Déesse, venge-nous ; nos causes sont pareilles !

Presque toutes les poésies de Sappho ne respirent que l’amour ou Vénus :

« Viens, déesse de Cypre, verser dans des coupes d’or un nectar mêlé de douces joies à mes amis, qui sont aussi les tiens. »

« O Vénus à la couronne d’or, puissé-je gagner la partie !… »

« Je te donnerai une chèvre blanche, et je te ferai des libations… »

« Pour moi, j’aimerai la volupté tant que j’aurai le bonheur de voir la brillante lumière du soleil et de contempler ce qui est beau. »

« L’amour brise mon ame comme le vent renverse les chênes dans les montagnes. »

Par intervalles, au milieu de sa passion, elle laisse échapper un regret, triste à la fois et gracieux :

« Virginité ! virginité ! tu me quittes ; où t’en vas-tu ? »


Et la virginité lui répond :

« Je ne reviendrai plus à toi jamais, à toi je ne reviendrai plus[1]. »

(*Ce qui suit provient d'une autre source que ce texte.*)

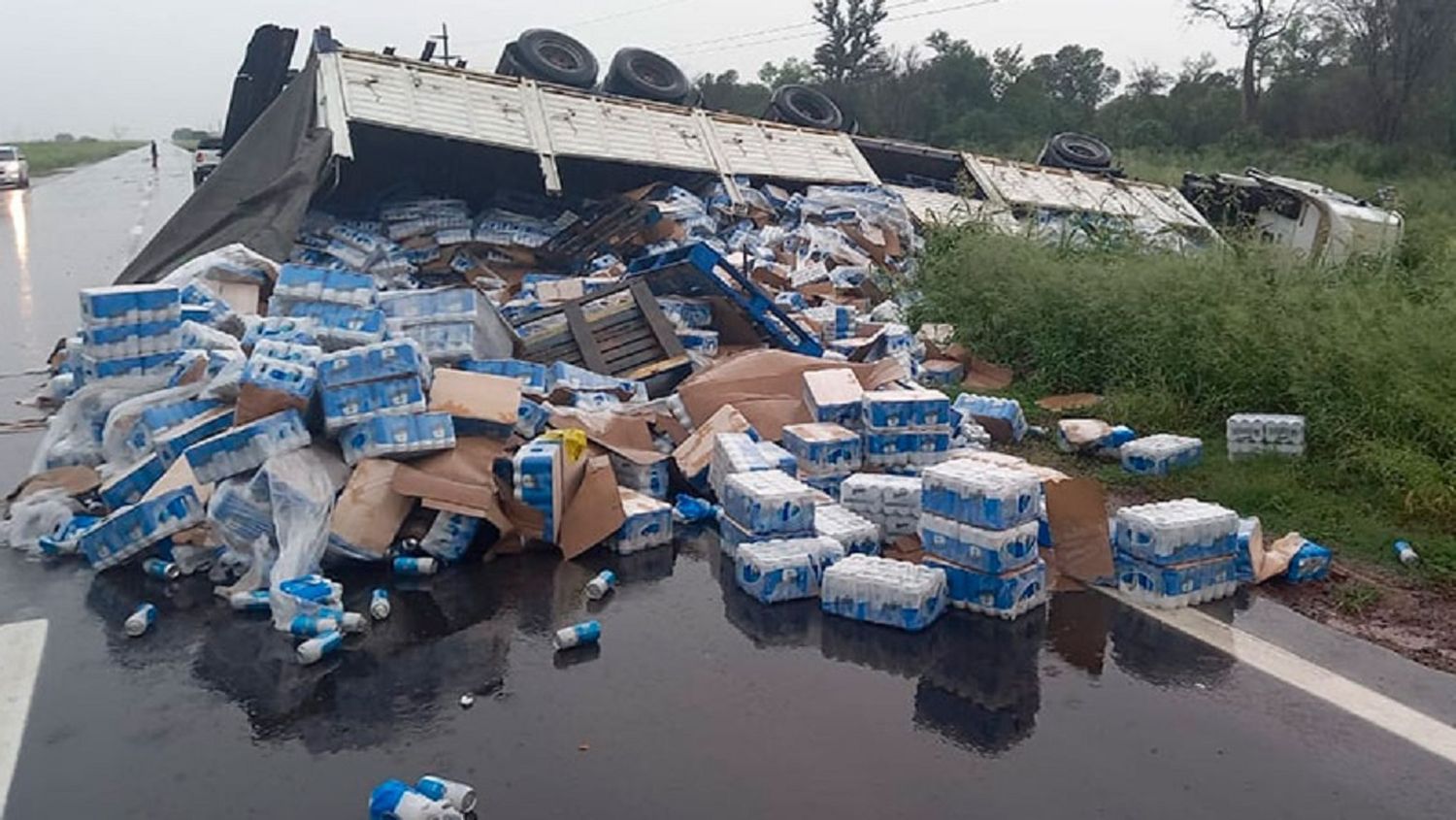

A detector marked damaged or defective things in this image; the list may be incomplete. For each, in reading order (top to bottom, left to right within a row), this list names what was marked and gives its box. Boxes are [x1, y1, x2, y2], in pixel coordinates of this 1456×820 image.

overturned truck trailer [122, 24, 1217, 291]
torn cardboard [332, 460, 416, 562]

Mais la passion reprend aussitôt, et le regret s’efface.

« Je regrette, puis je désire. » - « Mes pensées se partagent, et je ne sais ce que je poursuis. » -« Tiens-toi debout devant moi, ô mon ami ! et déploie la grace de tes regards. »

Cela n’est-il pas biblique ? et ce qui suit encore davantage ?

« … Plus délicat que le narcisse,… » - « D’un parfum royal… » - « Ton visage est doré comme le miel. » - « A quoi donc, ô mon bien-aimé, te comparer justement ? C’est à une branche gracieuse que je te comparerai. »

On croit lire le Cantique des Cantiques, cette fraîche églogue d’amour, qu’on s’est évertué à expliquer dans un sens mystique bien vainement ; qu’on se rappelle ces versets : « Ta taille est semblable à un palmier… Au son de ta voix, mon ame se fond… Je me pâme d’amour… »

On voit aussi figurer souvent dans les vers de Sappho les banquets et les coupes ; on sait que chez les anciens amare et potare sont deux mots souvent unis. On appelait le vin le lait de Vénus.

  1. André Chénier a rendu ces deux jolis vers par quatre qui ne sont pas heureux ; on n’eût pas dû les imprimer.